## MATERIALS PROVIDED
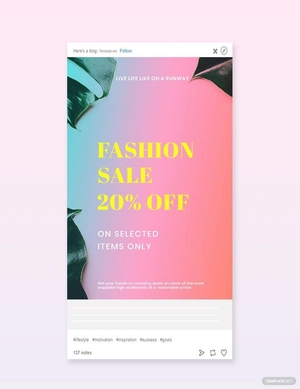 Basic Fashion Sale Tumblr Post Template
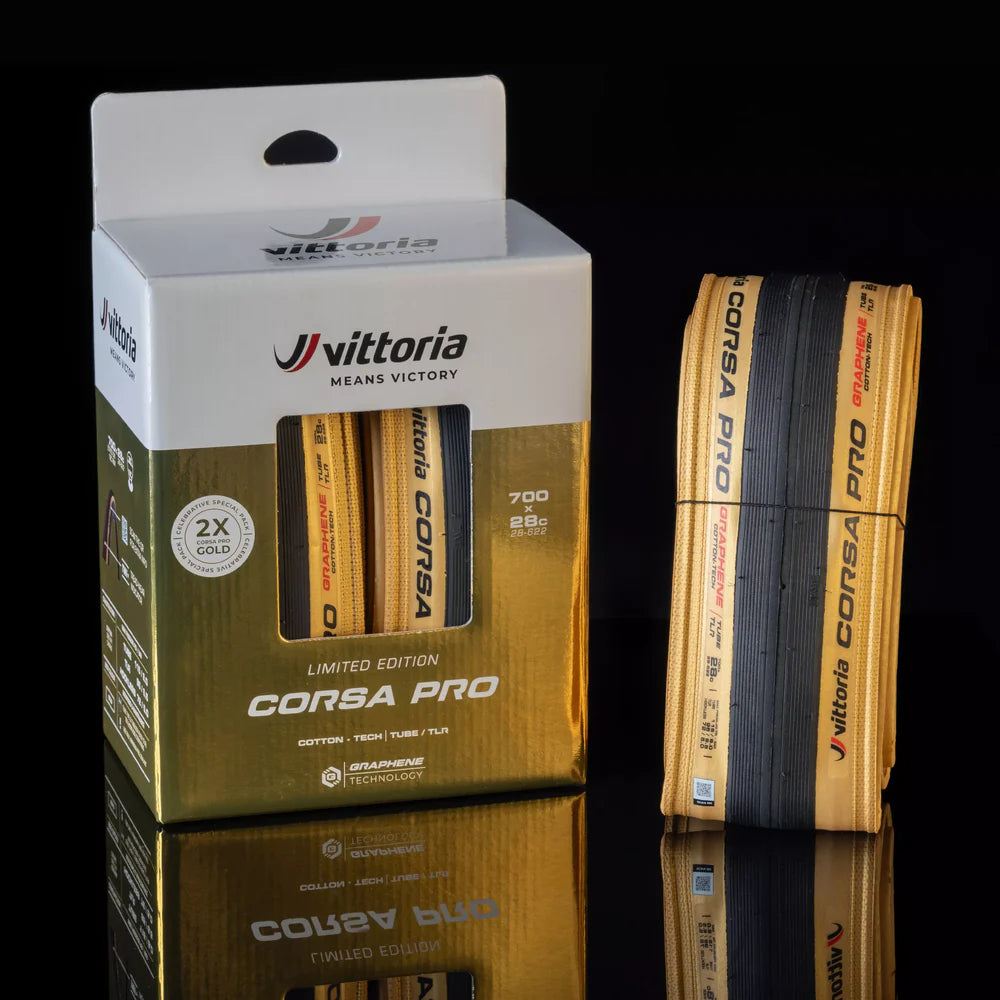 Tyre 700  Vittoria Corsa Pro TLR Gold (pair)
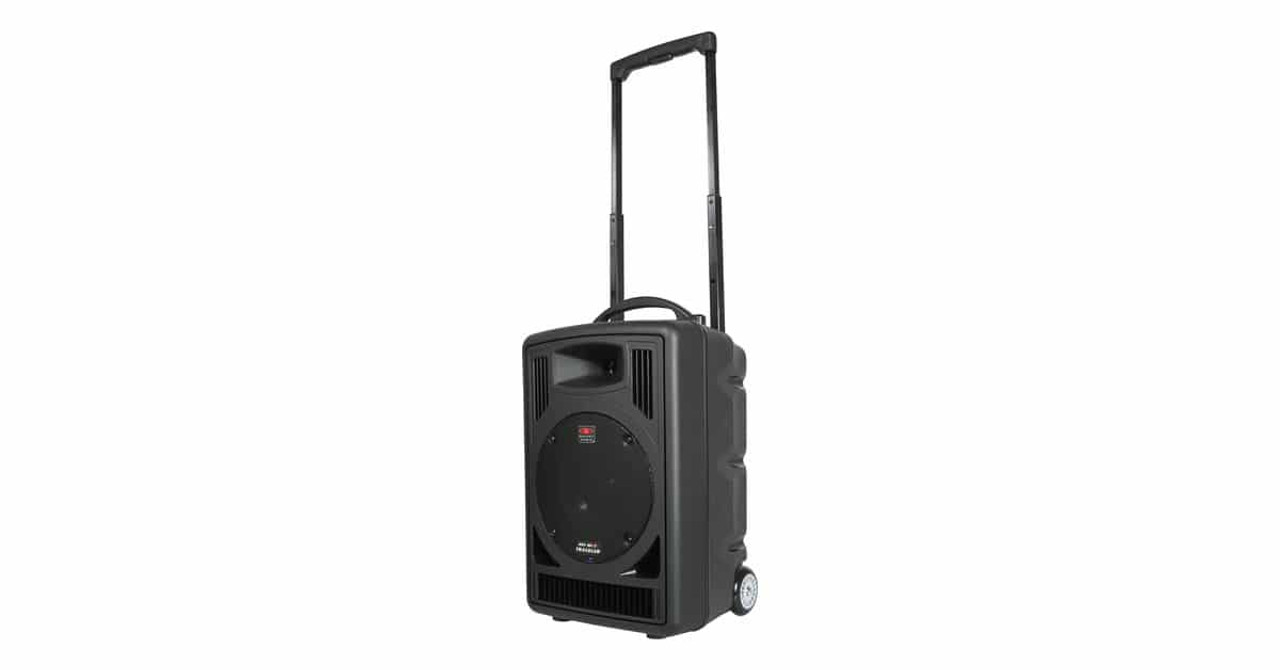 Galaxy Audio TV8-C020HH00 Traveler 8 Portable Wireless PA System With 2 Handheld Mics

---

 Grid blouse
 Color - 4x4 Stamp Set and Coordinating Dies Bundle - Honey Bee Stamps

* * *

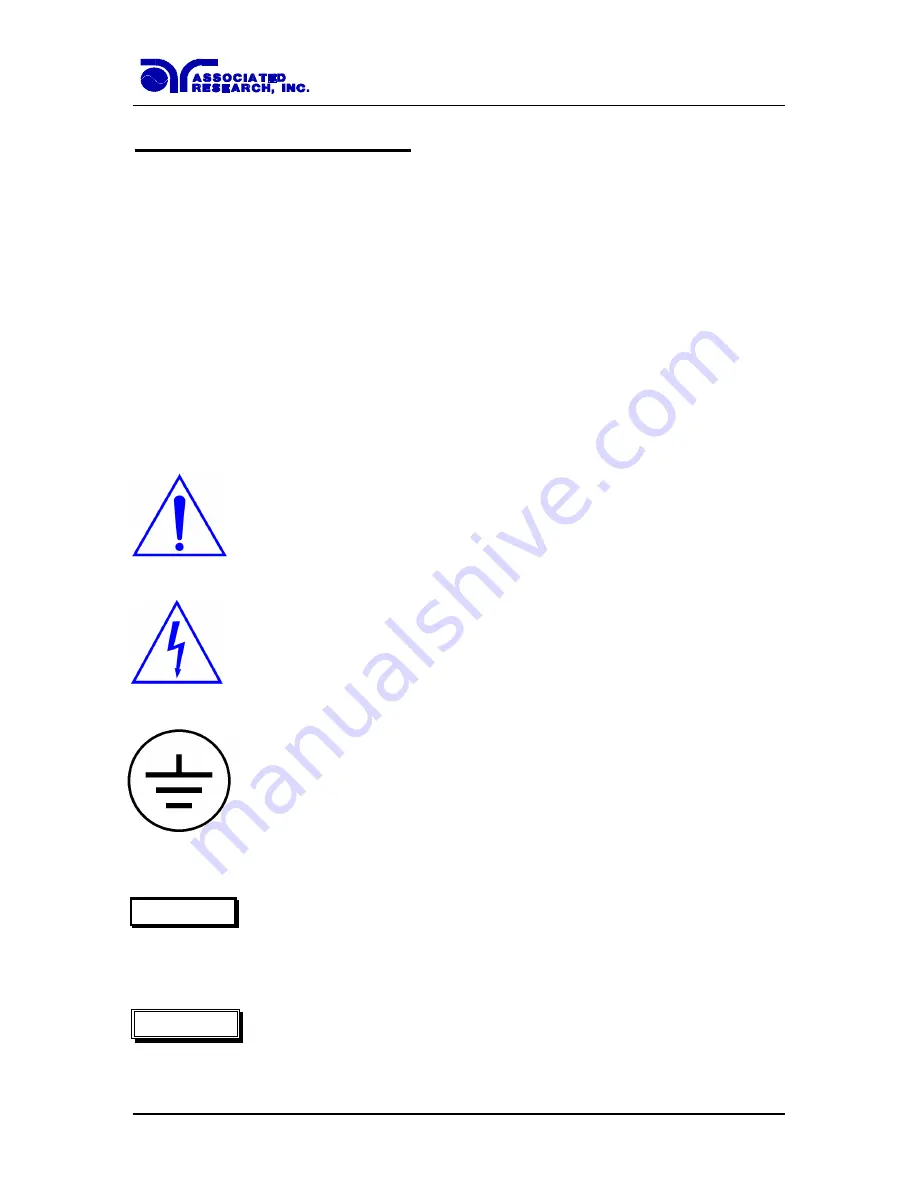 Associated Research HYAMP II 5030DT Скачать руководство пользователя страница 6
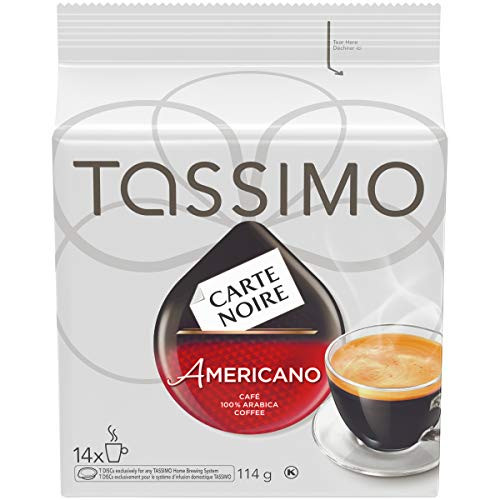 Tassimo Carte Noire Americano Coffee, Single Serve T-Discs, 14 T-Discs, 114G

## EXERCISE AIM
From the records above, quote word for word only the lines beginning at the line that has "Basic Fashion Sale Tumblr Post Template" and stopping after the line that has "Galaxy Audio TV8-C020HH00". Omit the pictures.

## RESULT OF THE TASK
 Basic Fashion Sale Tumblr Post Template
 Tyre 700  Vittoria Corsa Pro TLR Gold (pair)
 Galaxy Audio TV8-C020HH00 Traveler 8 Portable Wireless PA System With 2 Handheld Mics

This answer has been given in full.